**Task prompt**
Would you please output, word for word, the span of the listing below that opens on the line containing "大廳, 皇冠飯店 (Hotel Crown Inn) in 卡拉奇" and closes on the line containing "New Holland CX820 Derliaus nuėmimo kombainai"? Include both ends and nothing more.

**Materials provided**
◆ ◆ ◆

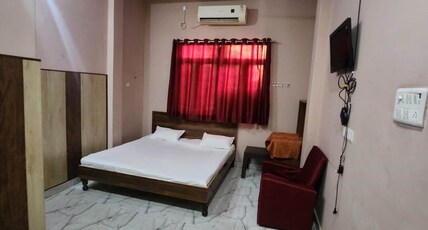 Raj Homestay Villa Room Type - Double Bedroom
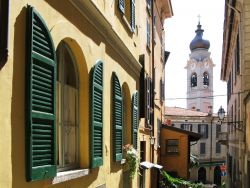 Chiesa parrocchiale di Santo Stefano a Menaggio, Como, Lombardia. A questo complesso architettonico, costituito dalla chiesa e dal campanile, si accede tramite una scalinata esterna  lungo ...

◆ ◆ ◆

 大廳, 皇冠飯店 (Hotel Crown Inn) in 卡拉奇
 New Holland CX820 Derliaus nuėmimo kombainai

◆ ◆ ◆

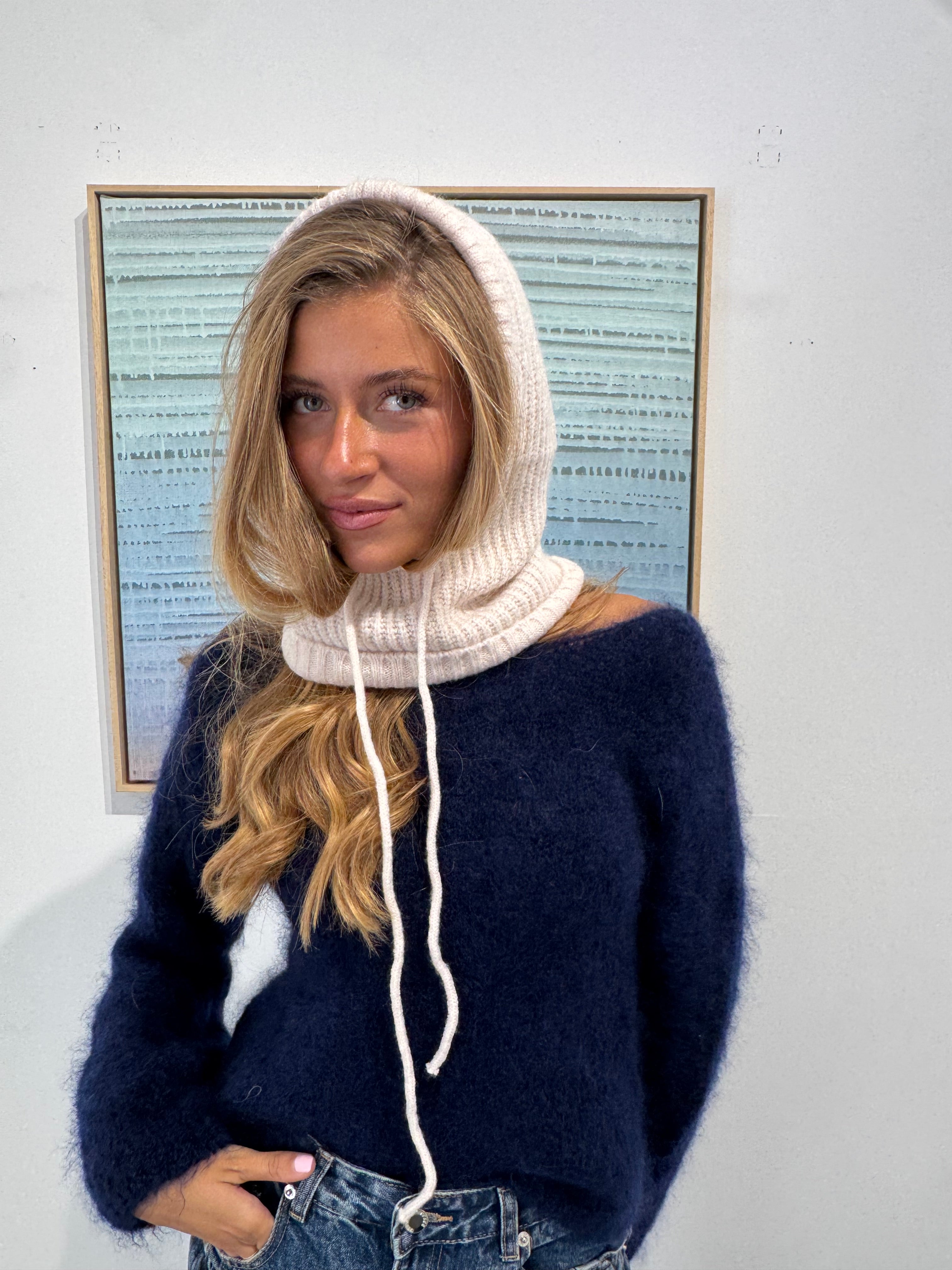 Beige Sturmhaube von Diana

◆ ◆ ◆

**Output for this exercise**
 大廳, 皇冠飯店 (Hotel Crown Inn) in 卡拉奇
 New Holland CX820 Derliaus nuėmimo kombainai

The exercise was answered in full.